§ Data:
══════════
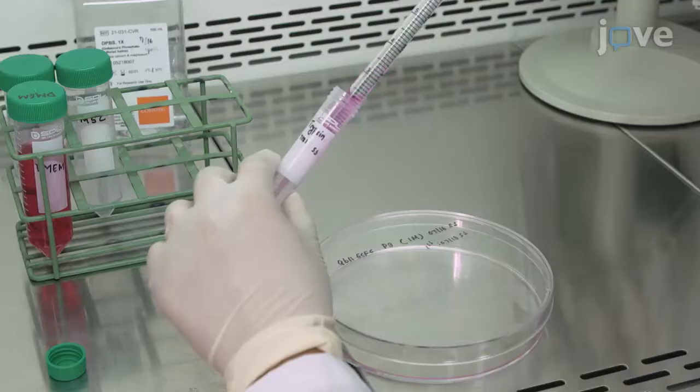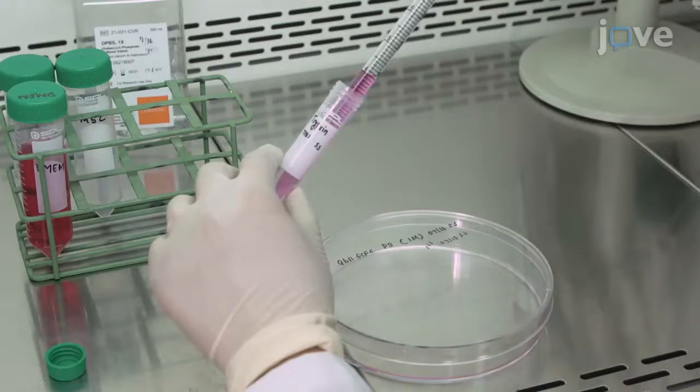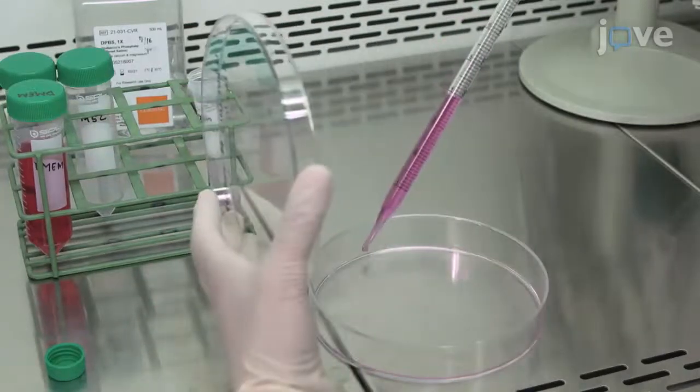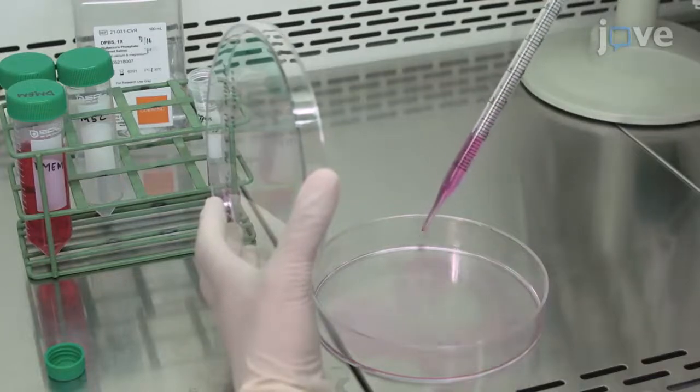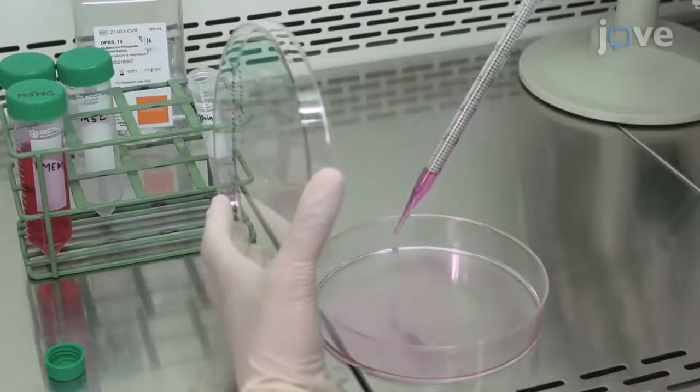Begin by using 0.05% trypsin EDTA to detach ECFCs and MSCs from 80-90% confluent cell cultures for 3 or 5 minutes in a cell culture incubator, respectively.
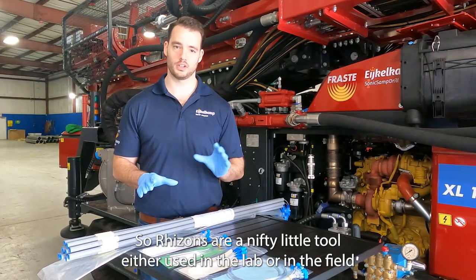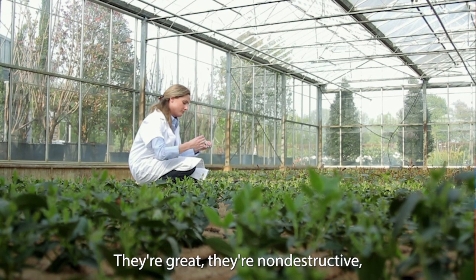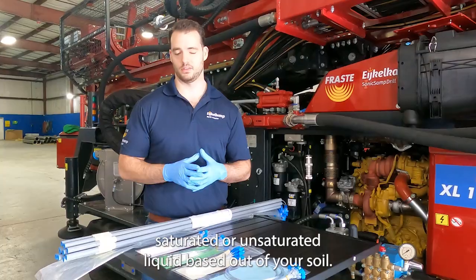Rhizons are a nifty little tool that's either used in the lab or in the field for measuring that moisture. They're great, they're non-destructive, they're chemically inert, and they're perfect for sampling that saturated or unsaturated liquid phase inside of your soil.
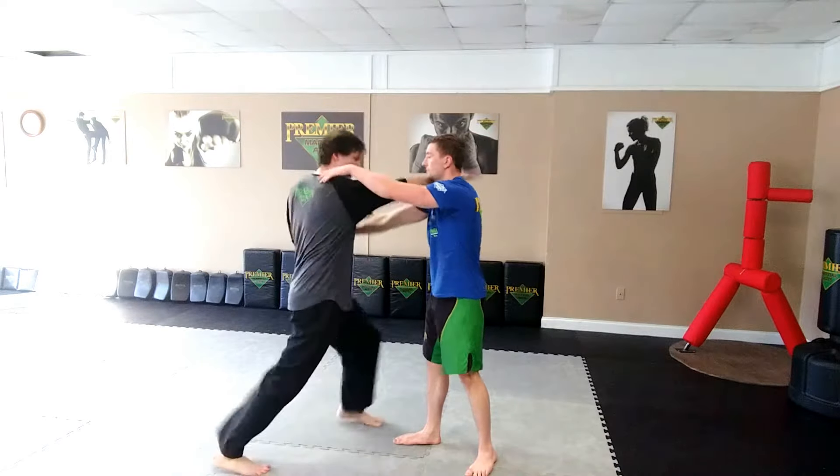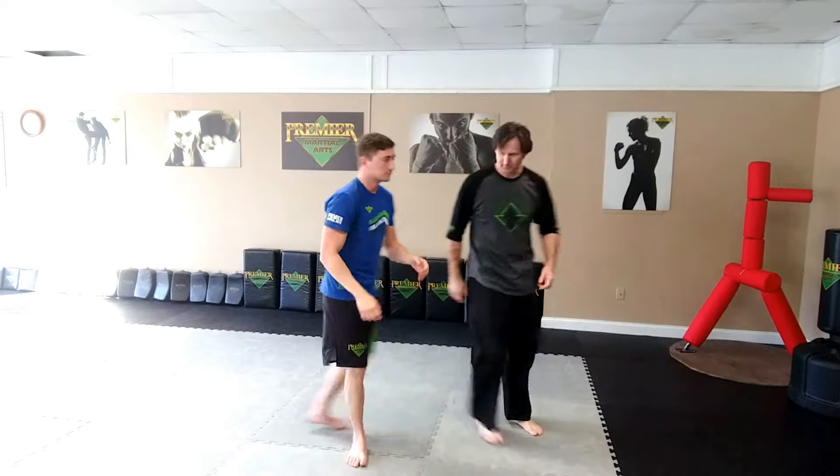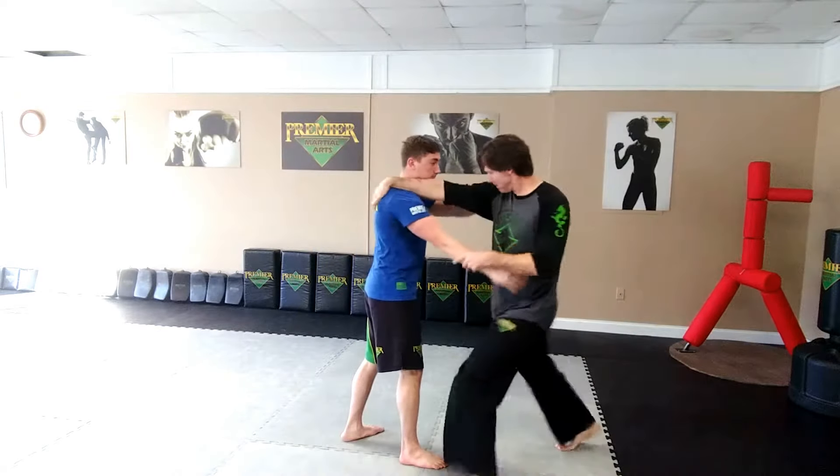Next one, two-hand choke. Execute on one side, then the other side.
══════════
§ Exercise instructions: Without the pictures, write out every line above exactly as it appears.

§ Exercise solution:
Begin by using 0.05% trypsin EDTA to detach ECFCs and MSCs from 80-90% confluent cell cultures for 3 or 5 minutes in a cell culture incubator, respectively.
Rhizons are a nifty little tool that's either used in the lab or in the field for measuring that moisture. They're great, they're non-destructive, they're chemically inert, and they're perfect for sampling that saturated or unsaturated liquid phase inside of your soil.
Next one, two-hand choke. Execute on one side, then the other side.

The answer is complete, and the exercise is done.